Currently poking the bank with a sharp stick trying to get them to pay everyone, since the plumber cost a whisker under $14k so obviously he wants to get paid NOW considering he turned up on August 1st. Not that he's sent a proper receipt yet so I can claim all the cashbacks from the solar HWS.

I have some photos on flickr, its been raining on and off for most of the two weeks so its a serious quagmire outside from all the subsoil clay that got turned up with the trenching for the plumbing, so trying to keep that stuff out of the house has been ... interesting.

http://www.flickr.com/photos/12099014@N03/sets/72157627181544861/

We're almost fully moved in (give or take half a dozen boxes of 'why do we even have this stuff and where do I put it' and some people are meant to move into our old house pretty soon, but one of them has a major renovating injury so I guess they'll just hobble on over when they get around to it :)

Looking forward to sitting down INSIDE, out of the mud, and watching the rain from somewhere warm and dry. *sigh*

Never doing this again.

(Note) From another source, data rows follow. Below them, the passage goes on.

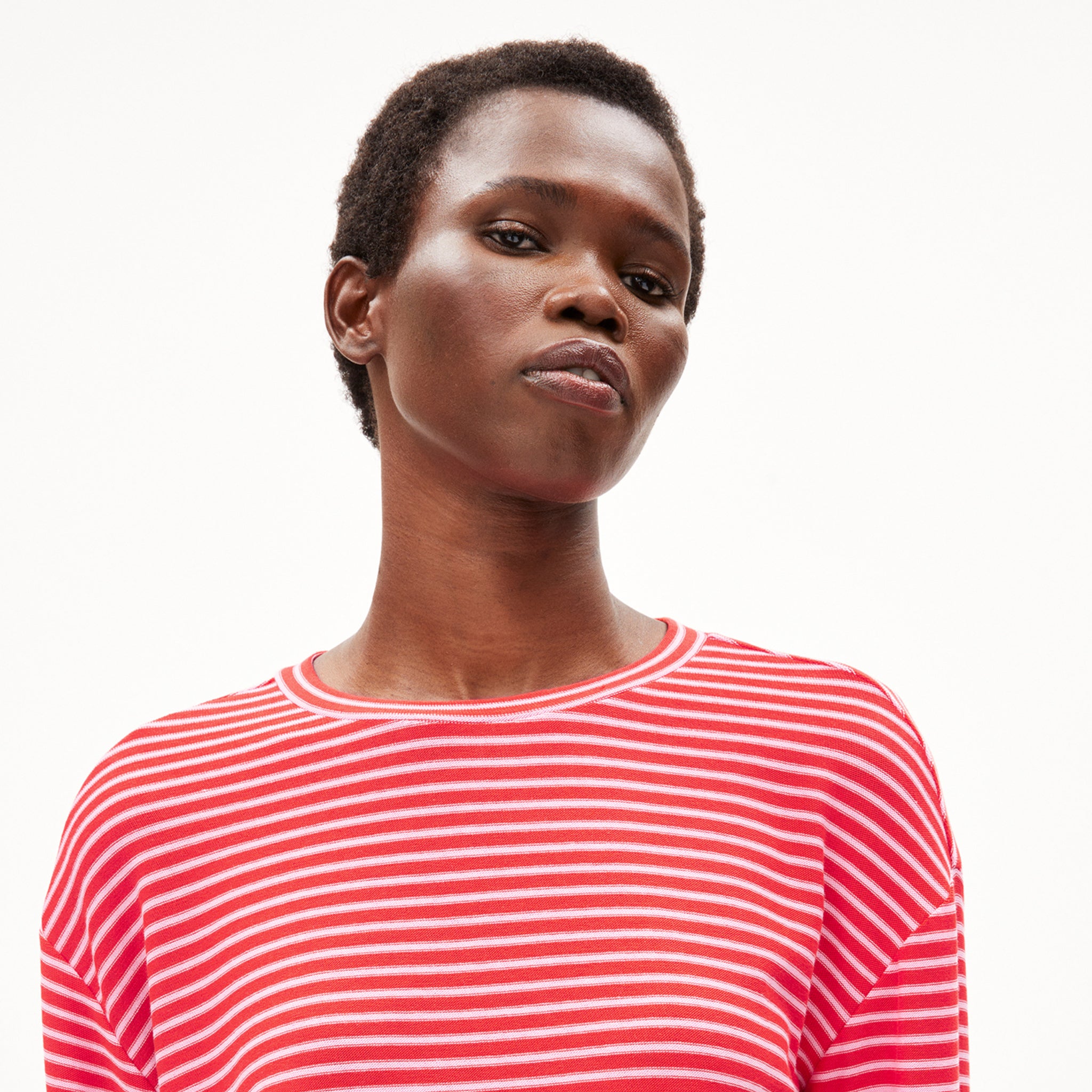 ARMEDANGELS Longsleeve "MARYNAA MINI STRIPE"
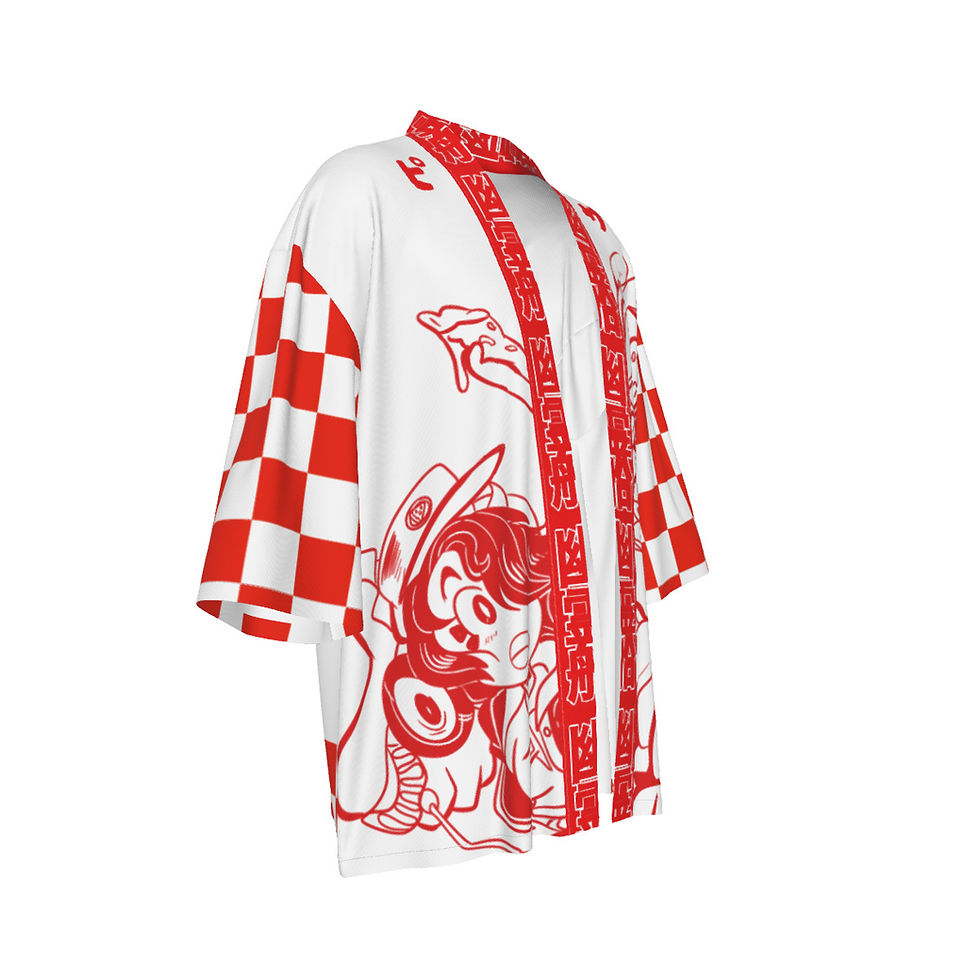 Thumbnail: Pizza Chef Kimono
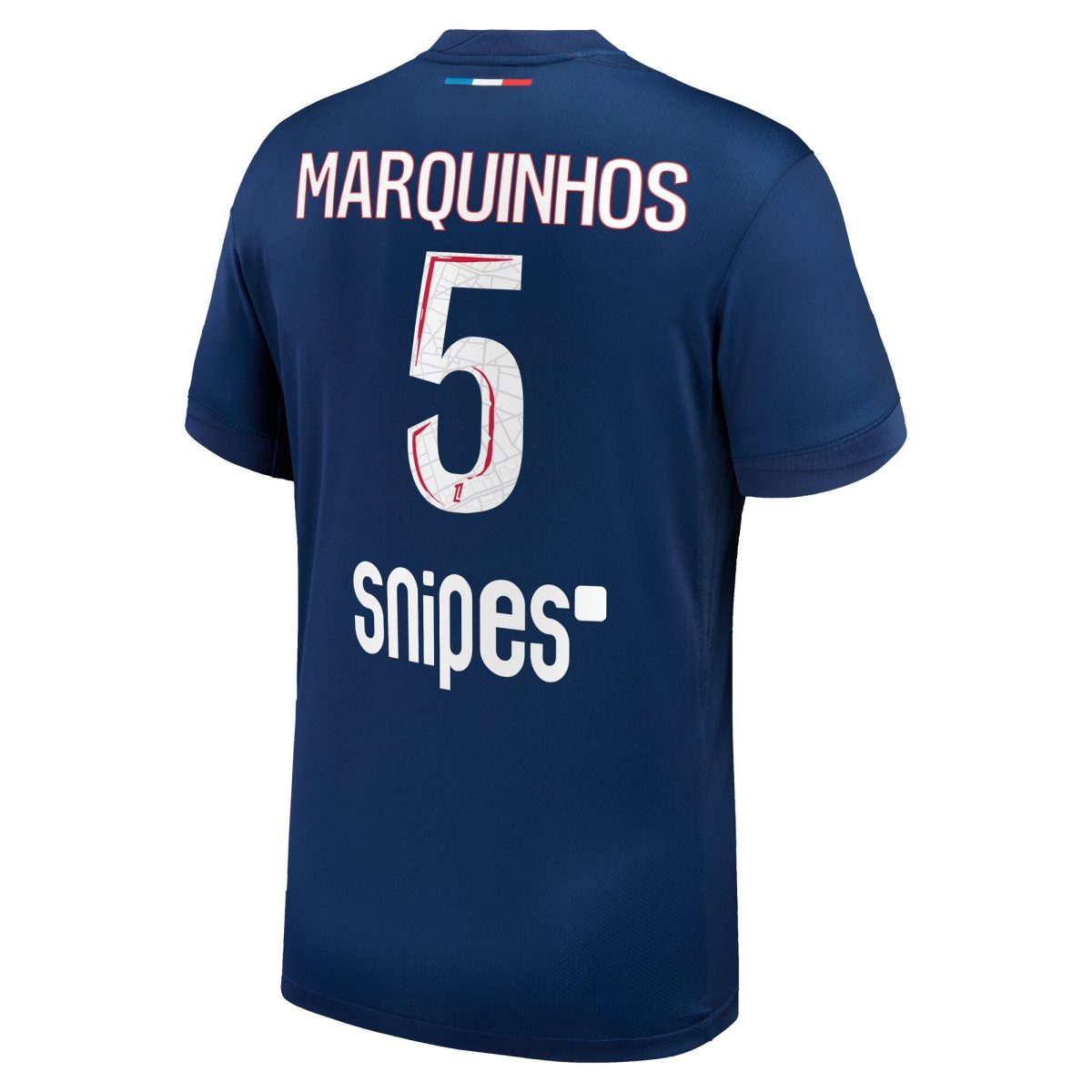 maillot domicile stadium psg nike 2425 avec flocage marquinhos 5 Série | Maillots et Vêtements PSG Exclusifs sur PSG Shop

The house is really really nice, we're loving the extra space and being able to actually sleep now the baby has his own room (first solid night's sleep in almost 14 months last night) and the house is big enough for all of us but not so huge we'd rattle in it without kids so I can see us being here a REALLY long time.

Well done RE.

Been wondering what you've been up to.

Nice to hear you have a home for your children that you feel satisfied with, and can be happy in.

While you've been busy, we've been keeping the flag flying for the simple and sustainable life. :thumbup:

All the best for the future, as a home is never complete.